⟨

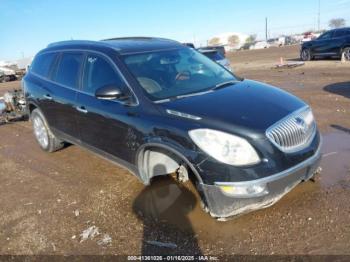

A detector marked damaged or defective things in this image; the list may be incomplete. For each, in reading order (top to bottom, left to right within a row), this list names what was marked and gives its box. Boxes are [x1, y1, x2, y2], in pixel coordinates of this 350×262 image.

damaged front bumper [198, 142, 322, 220]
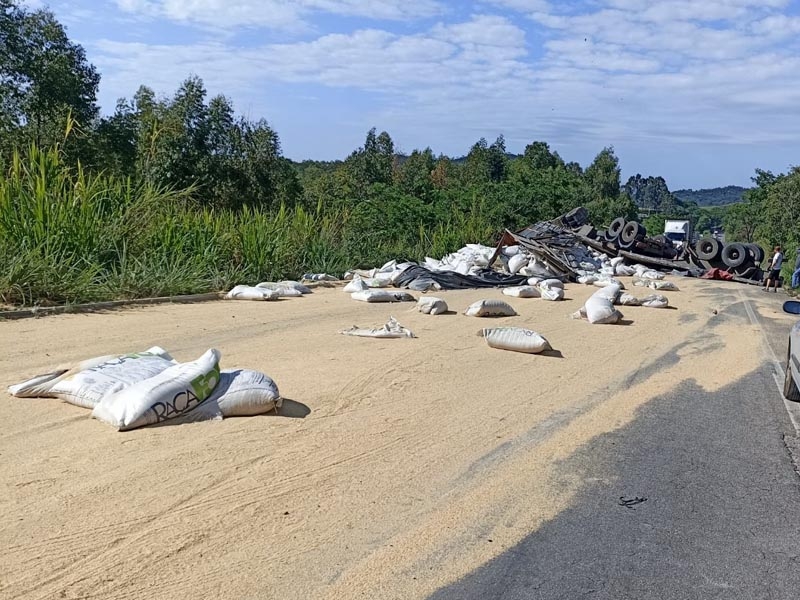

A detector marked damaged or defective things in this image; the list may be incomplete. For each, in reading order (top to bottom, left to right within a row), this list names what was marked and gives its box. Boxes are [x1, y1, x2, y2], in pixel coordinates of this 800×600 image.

overturned truck [490, 206, 764, 286]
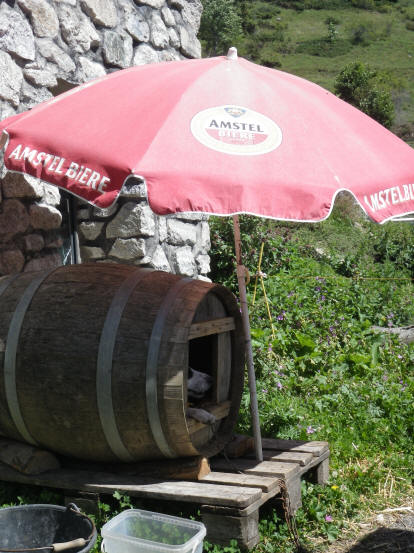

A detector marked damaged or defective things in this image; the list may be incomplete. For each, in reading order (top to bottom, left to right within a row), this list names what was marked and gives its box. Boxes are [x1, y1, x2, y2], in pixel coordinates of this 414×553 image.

rusty metal band [0, 272, 19, 298]
rusty metal band [3, 268, 57, 444]
rusty metal band [97, 268, 154, 462]
rusty metal band [146, 274, 192, 458]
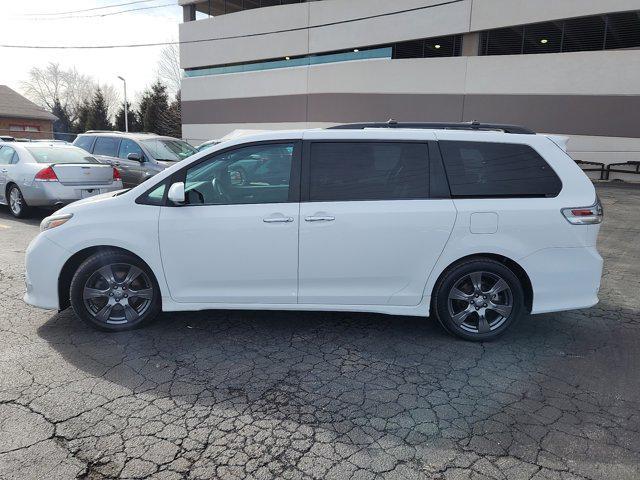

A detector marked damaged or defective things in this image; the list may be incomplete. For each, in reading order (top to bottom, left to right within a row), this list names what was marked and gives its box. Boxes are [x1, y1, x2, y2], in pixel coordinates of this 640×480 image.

cracked asphalt pavement [1, 185, 640, 480]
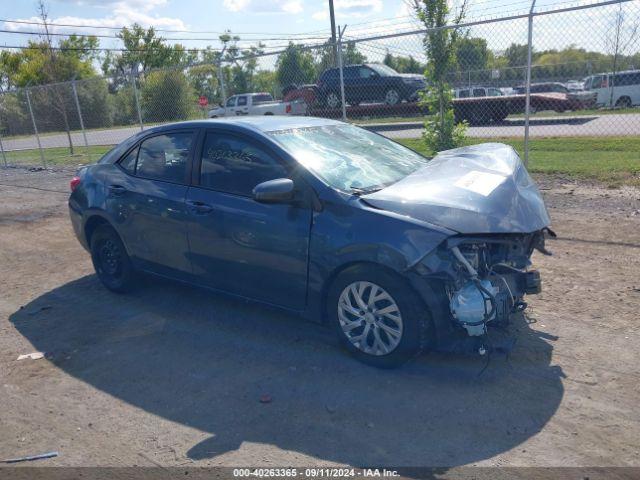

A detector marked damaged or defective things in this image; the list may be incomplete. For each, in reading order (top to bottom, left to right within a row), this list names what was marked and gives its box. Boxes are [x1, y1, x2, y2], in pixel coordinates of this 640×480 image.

bent hood [362, 142, 552, 234]
deployed airbag cover [362, 142, 552, 234]
damaged toyota corolla [67, 116, 552, 368]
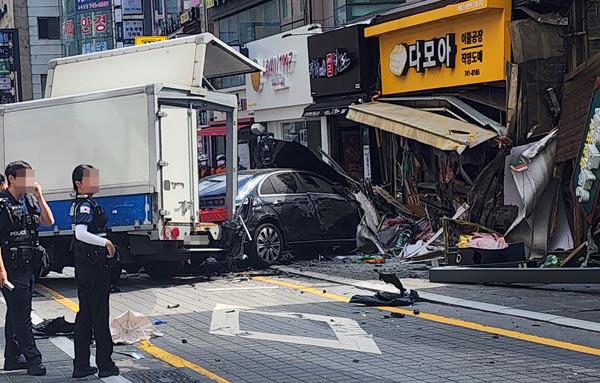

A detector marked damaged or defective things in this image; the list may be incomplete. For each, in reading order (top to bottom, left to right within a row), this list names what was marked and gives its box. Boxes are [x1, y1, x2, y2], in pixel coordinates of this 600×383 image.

damaged awning [344, 103, 500, 156]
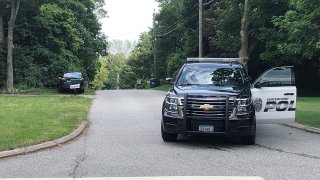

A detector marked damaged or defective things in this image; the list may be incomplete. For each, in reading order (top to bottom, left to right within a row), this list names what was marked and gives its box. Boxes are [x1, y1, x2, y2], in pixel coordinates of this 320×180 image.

road crack [255, 144, 320, 160]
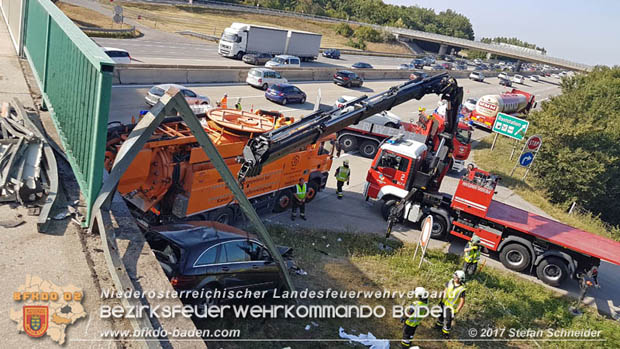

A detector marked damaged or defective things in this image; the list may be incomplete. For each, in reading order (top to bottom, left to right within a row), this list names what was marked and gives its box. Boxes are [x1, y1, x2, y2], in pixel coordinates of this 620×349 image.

bent guardrail post [88, 88, 298, 308]
dark crashed car [146, 223, 294, 308]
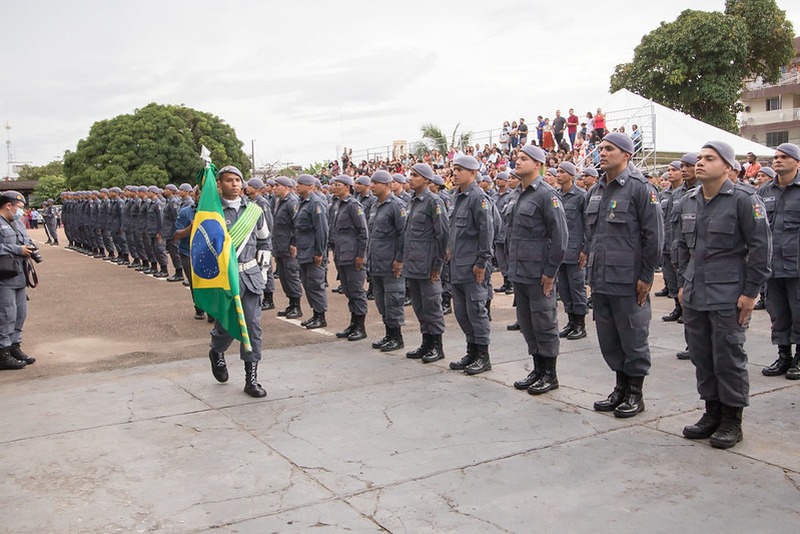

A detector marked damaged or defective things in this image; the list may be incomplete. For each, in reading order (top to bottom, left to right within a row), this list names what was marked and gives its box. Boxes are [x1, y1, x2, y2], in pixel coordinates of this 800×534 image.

cracked concrete pavement [1, 231, 800, 534]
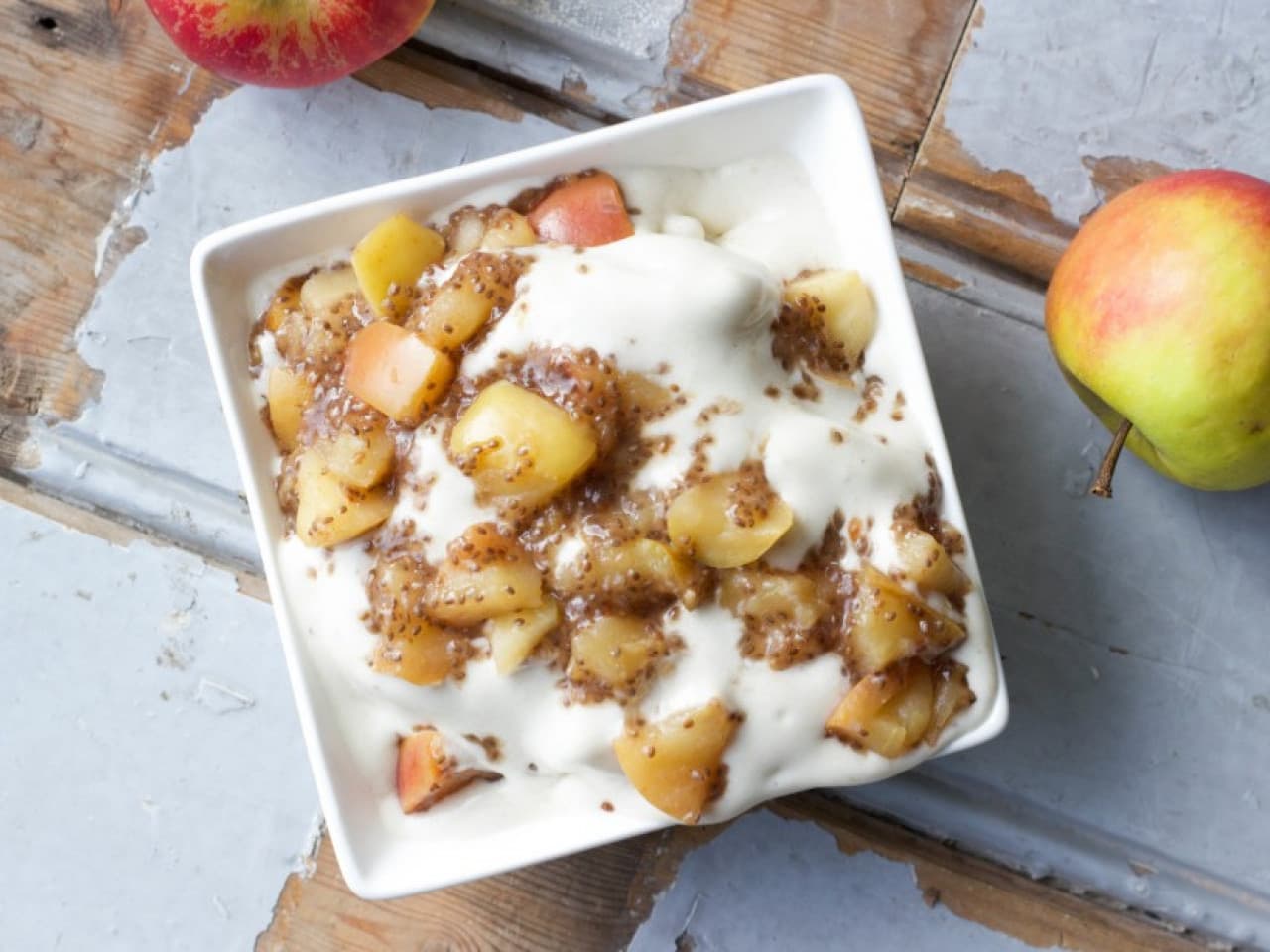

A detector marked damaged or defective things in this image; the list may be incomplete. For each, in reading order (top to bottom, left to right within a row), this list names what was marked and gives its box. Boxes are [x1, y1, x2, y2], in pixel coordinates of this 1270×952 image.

chipped paint patch [940, 0, 1270, 224]
peeling white paint [945, 0, 1270, 223]
peeling white paint [0, 502, 315, 949]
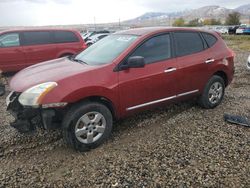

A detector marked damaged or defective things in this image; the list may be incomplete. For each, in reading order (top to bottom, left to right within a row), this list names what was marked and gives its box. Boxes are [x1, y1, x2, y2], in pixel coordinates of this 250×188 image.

damaged front bumper [6, 91, 63, 133]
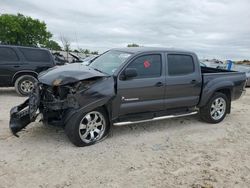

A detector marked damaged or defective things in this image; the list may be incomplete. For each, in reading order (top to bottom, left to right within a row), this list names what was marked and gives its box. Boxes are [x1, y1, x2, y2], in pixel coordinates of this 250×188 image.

crushed hood [38, 64, 107, 86]
damaged front bumper [9, 89, 39, 137]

⟩

▶ TASK DIRECTIONS
Leaving the pictures aside, copy exactly and only the lines from the one holding "this 620×349 image." through the final line of the data, both ends kept.

▶ WRITTEN SOLUTION
A detector marked damaged or defective things in this image; the list may be incomplete. For each, in reading order (top to bottom, left to right within a row), this list names what was marked and gives its box. Boxes are [x1, y1, x2, y2], in pixel coordinates of this 620×349 image.

bent guardrail post [88, 88, 298, 308]
dark crashed car [146, 223, 294, 308]

A detector marked damaged or defective things in this image; the list may be incomplete. For each, in reading order (top to bottom, left to right within a row), this list names what was marked and gives its box. Boxes are [x1, y1, x2, y2], in pixel coordinates of this 800×534 image.

cracked concrete pavement [1, 231, 800, 534]

A detector marked damaged or defective things in this image; the list may be incomplete. For each, in reading order (top to bottom, left to right within a row), this list names what was marked and gives its box. Boxes are [x1, y1, x2, y2], in pixel coordinates of this 1270×952 image.

chipped paint patch [940, 0, 1270, 224]
peeling white paint [945, 0, 1270, 223]
peeling white paint [0, 502, 315, 949]

A detector marked damaged or defective things in this image; the list may be incomplete. For each, in reading order (top to bottom, left to right within a row), this list names what was marked and gives its box. Boxes are [x1, y1, x2, y2], in pixel coordinates of this 250×188 image.

damaged front bumper [6, 91, 63, 133]

A detector marked damaged or defective things in this image; the list may be incomplete. For each, in reading order (top to bottom, left to right within a row), this list names what was marked and gives its box. Boxes are [x1, y1, x2, y2], in pixel coordinates of this 250×188 image.

crushed hood [38, 64, 107, 86]
damaged front bumper [9, 89, 39, 137]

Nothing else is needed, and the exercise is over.